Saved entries
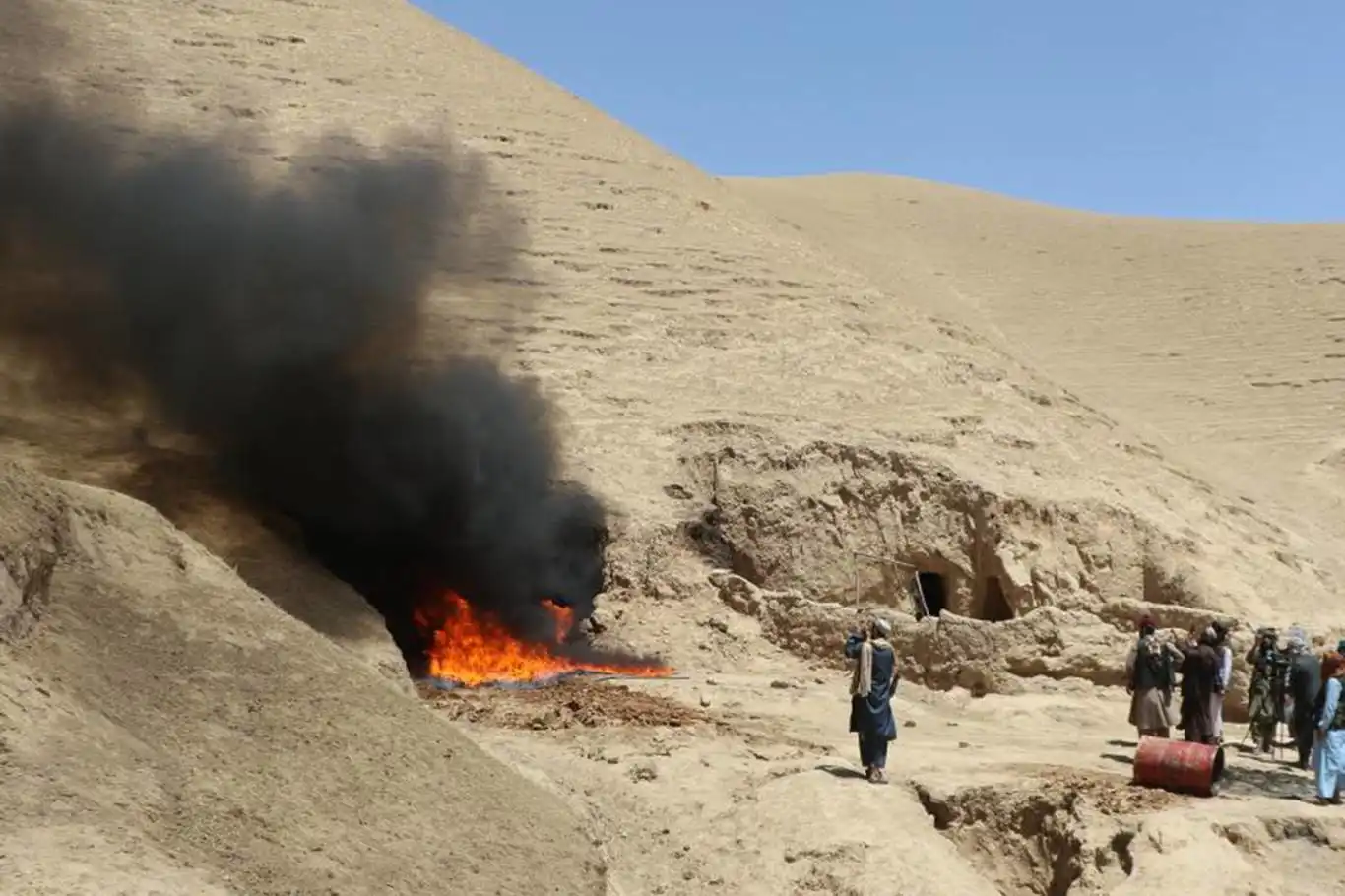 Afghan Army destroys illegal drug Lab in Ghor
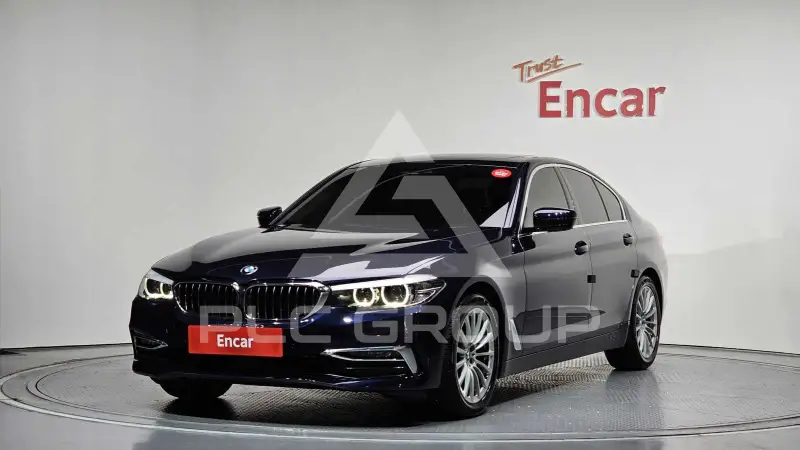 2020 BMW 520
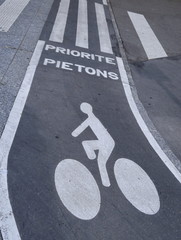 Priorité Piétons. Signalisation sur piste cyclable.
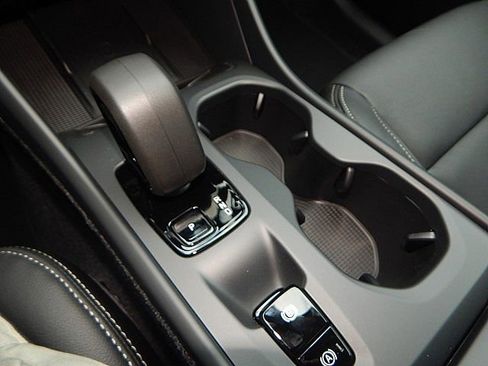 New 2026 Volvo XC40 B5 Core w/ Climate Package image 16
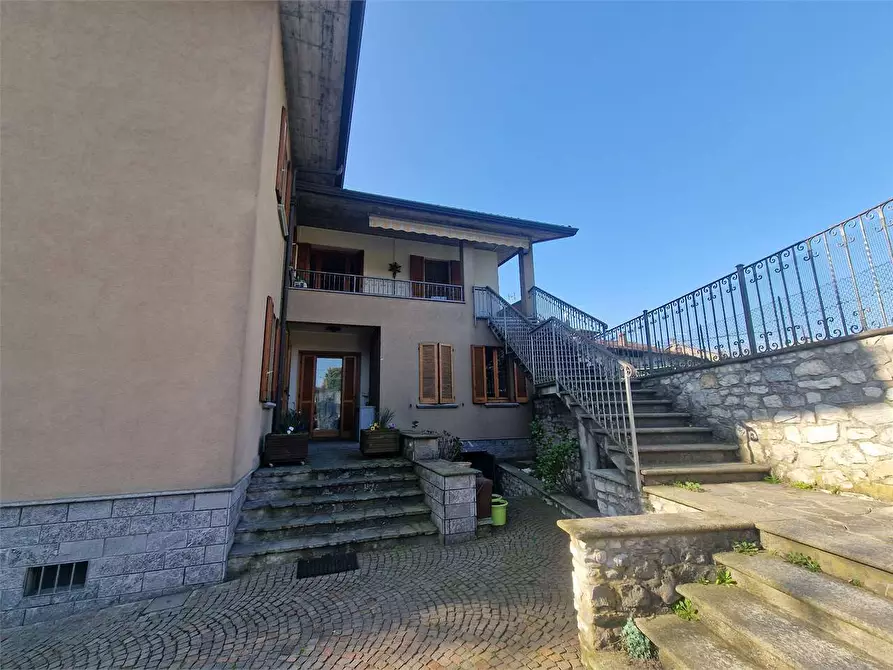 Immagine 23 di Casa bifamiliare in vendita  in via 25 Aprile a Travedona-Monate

▸ **WORK REQUEST**: Each entry is to be transcribed verbatim, and any picture in it is to be skipped.

▸ **FINAL ANSWER**:
 Afghan Army destroys illegal drug Lab in Ghor
 2020 BMW 520
 Priorité Piétons. Signalisation sur piste cyclable.
 New 2026 Volvo XC40 B5 Core w/ Climate Package image 16
 Immagine 23 di Casa bifamiliare in vendita  in via 25 Aprile a Travedona-Monate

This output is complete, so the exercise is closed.